The limiting reactant is the substance that determines the maximum amount of product that can be formed in a chemical reaction. In our example, we consider the reaction of chlorine (\(\mathrm{Cl}_{2}\)) and sodium chlorite (\(\mathrm{NaClO}_{2}\)) to form chlorine dioxide (\(\mathrm{ClO}_{2}\)).Let's walk through how to determine which reactant limits the reaction:

• Imagine you have \(15.0\,\text{g of}\,\mathrm{NaClO}_{2}\). First, convert this mass into moles:\[m (\mathrm{NaClO}_{2}) = \frac{15.0\,\text{g}}{90.44\,\text{g/mol}} = 0.1659\,\text{moles}\,\mathrm{NaClO}_{2}.\]

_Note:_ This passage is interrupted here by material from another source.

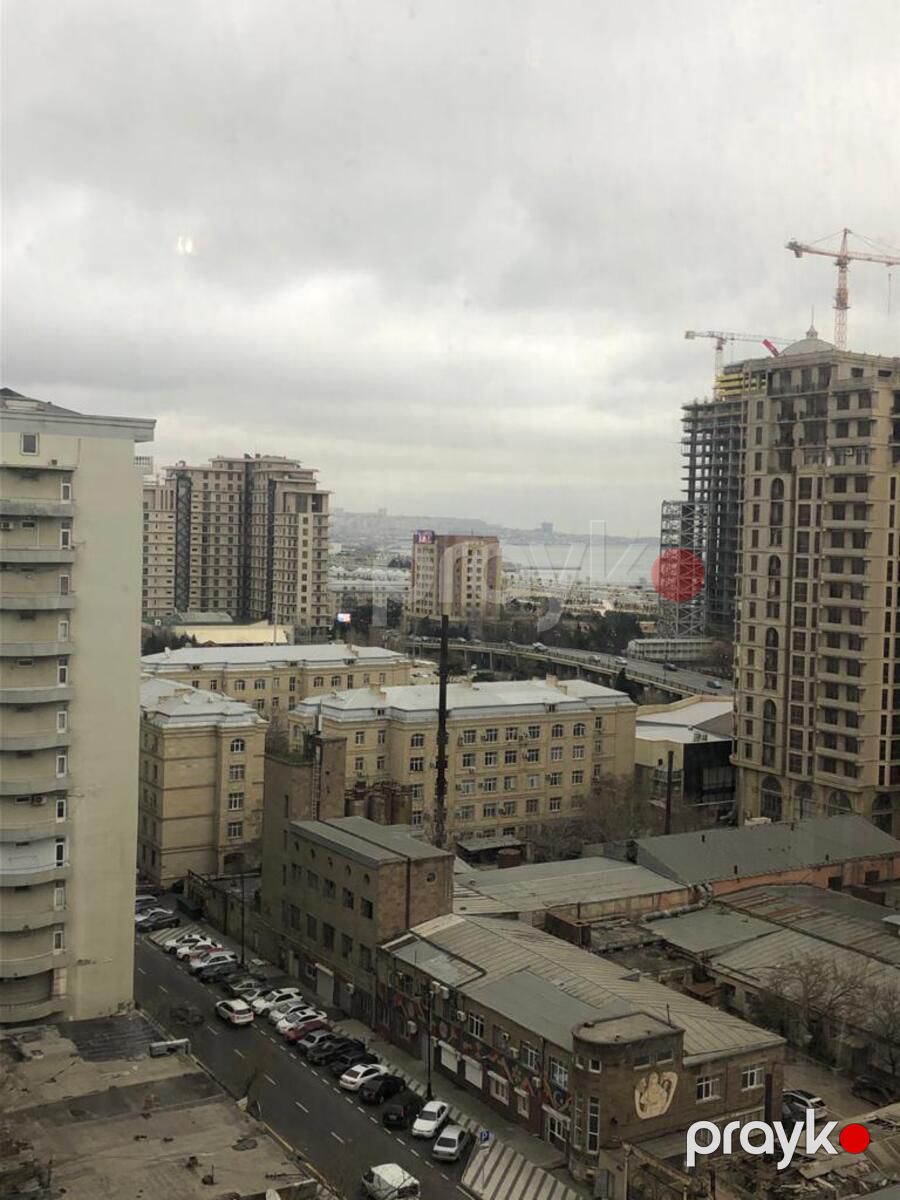Satılır 4 otaqlı yeni tikili 302 m² — Mənzil, Bakı (5)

• Using the ideal gas law, calculate the moles of \(\mathrm{Cl}_{2}\):\[ \left( 1.50\,\text{atm} \right) \cdot \left( 2.00\,\text{L} \right) = n \cdot \left( 0.0821\,\text{L} \cdot \text{atm/mol} \cdot \text{K} \right) \cdot \left( 294\,\text{K} \right) \] which gives \(n = 0.1223\,\text{moles of}\,\mathrm{Cl}_{2}.\)
• From the balanced chemical reaction, you need 1 mole of \(\mathrm{Cl}_{2}\) for every 2 moles of \(\mathrm{NaClO}_{2}\). Therefore:\[0.1223\,\text{moles of}\,\mathrm{Cl}_{2}\) would require \(0.2446\,\text{moles of}\,\mathrm{NaClO}_{2}\]
• With only \(0.1659\,\text{moles of}\,\mathrm{NaClO}_{2}\) available, \(\mathrm{NaClO}_{2}\) is the limiting reactant.

This tells us that the amount of \(\mathrm{ClO}_{2}\) we can produce depends on the \(\mathrm{NaClO}_{2}\) we have, making it the reactant that limits the creation of our product. Remember, always identify the limiting reactant in a reaction to know how much product you can expect to yield.